Andy Sommerville, director at Search Acumen, commented: “As house prices embark on a slow decline, the gentle swing towards a buyer’s market is feeling more real by the day. The fear of any kind of rapid fall in transaction volumes, however, is yet to come to light, in which latest HMRC figures show a small but steady increase, with figures similar to that of September.
“Conveyancers continue their efforts to help purchasers complete before existing mortgage offers expire, while adjusting to increasingly high volume and complex caseloads. The continuation of stamp duty cuts until March 2025 announced in last weeks Autumn Statement will enable some buyers to join the property ladder for the first time, keeping the bottom end of the market fluid. However, as part of austerity 2.0, a new focus on public sector efficiency is likely to translate to cutbacks, and coupled with the threats of strikes by HM Land Registry staff, more clouds of doubt have been cast over the industry’s ability to keep up with demand.

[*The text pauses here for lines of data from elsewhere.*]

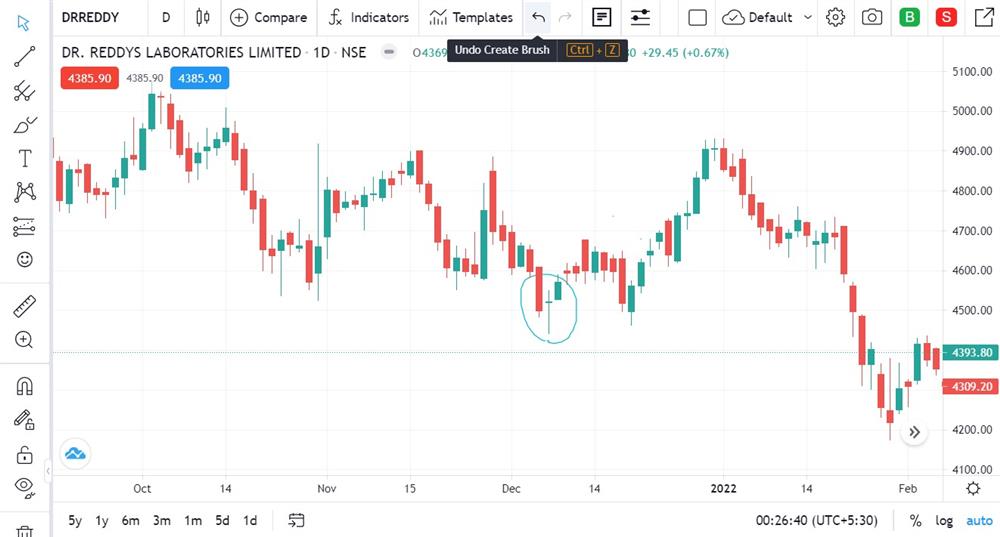 Long-legged Doji Pattern - DRREDDY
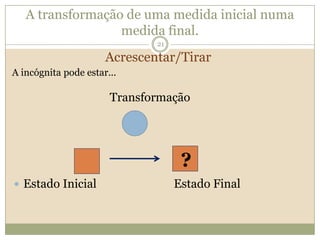 A transformação de uma medida inicial numa medida final.				TransformaçãoEstado Inicial			Estado FinalAcrescentar/TirarA incógnita pode estar...?21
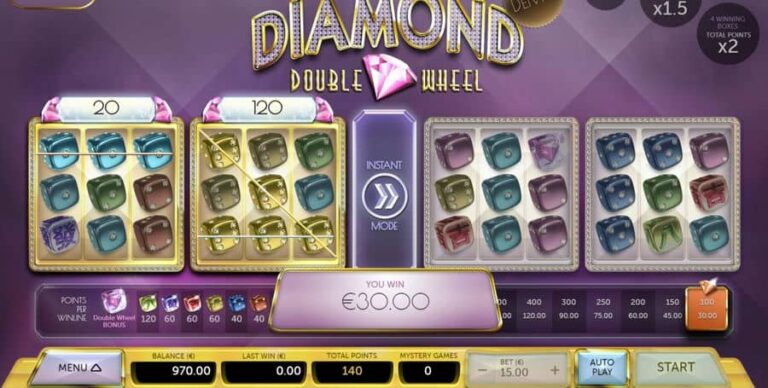 Diamond Double Wheel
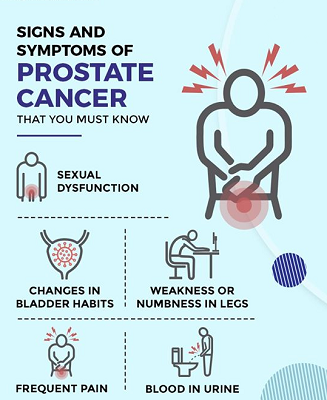 Docetrust 120 Injection for prostate cancer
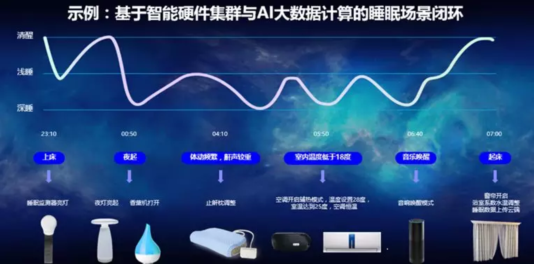 公共机构能耗上报系统_能耗管理监测系统_酒店能耗管理系统
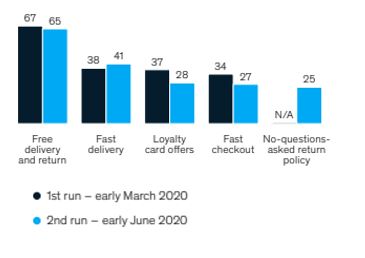 Customer Experience Online Purchase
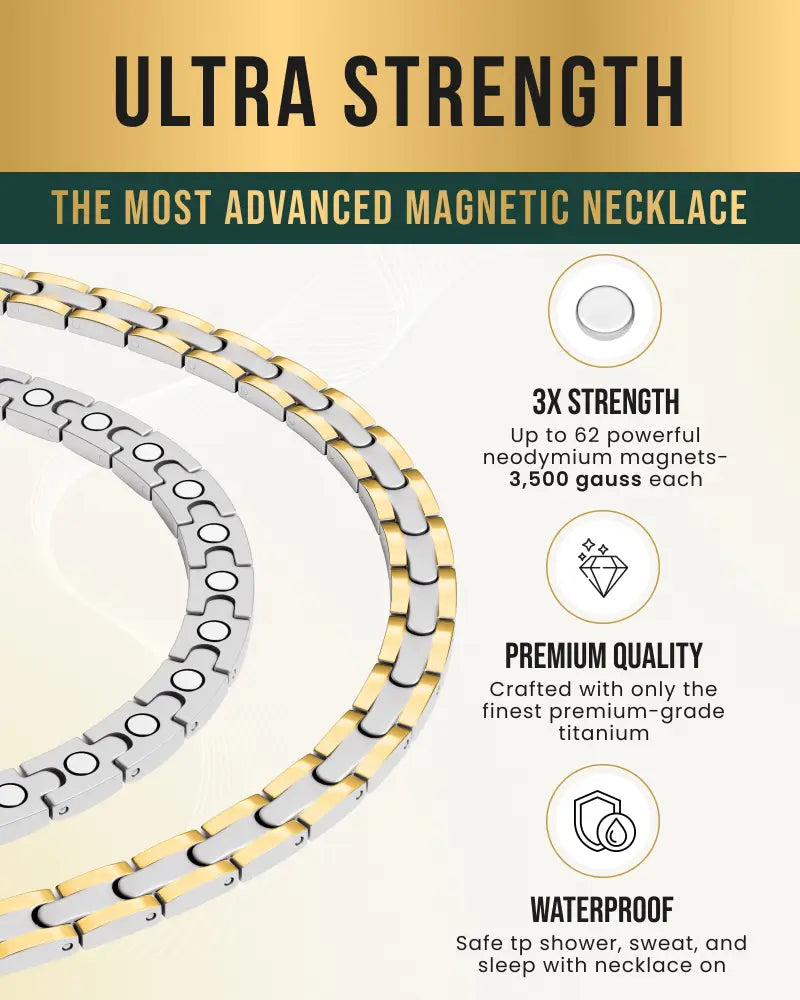 Two-tone titanium magnetic therapy link necklace with alternating silver and gold links crafted from premium-grade titanium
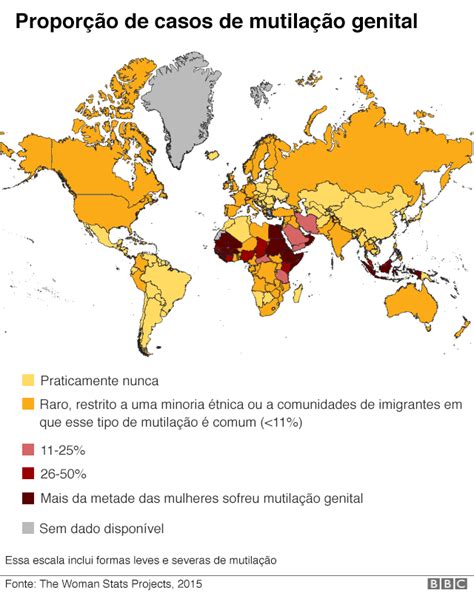 mutilação genital feminina o que é e por que ocorre a prática que afeta ao menos 200 milhões de
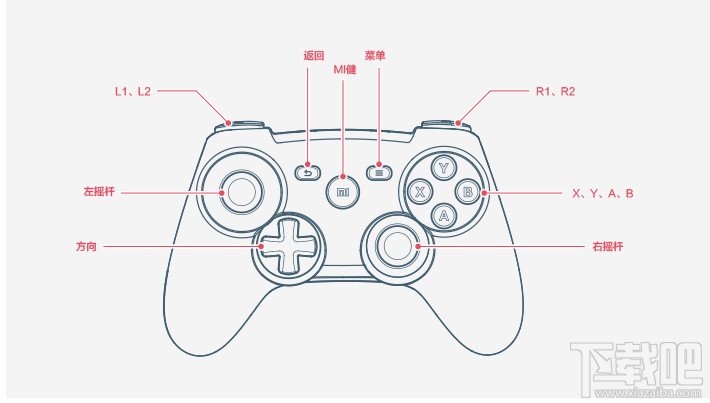 小米蓝牙游戏手机1元公测活动 申请1元公测资格网址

“The only long-term fix to this ever-increasing workload for conveyancers is to embrace technology and digital automation to make time and money savings right across the transaction chain. Doing so will allow conveyancers to work on more transactions in less time, helping more people achieve their dream of homeownership before inflationary pressures bring them to a halt. We know that providing a platform that connects estate agents to lawyers, alongside doing the hard work of simplifying and optimising processes, can be transformative for law firms and will be for the industry as a whole. HMLR’s three-year digital road map is under way, but firms will need to work faster than this to double down against recessionary pressures coming into sharper focus next year.”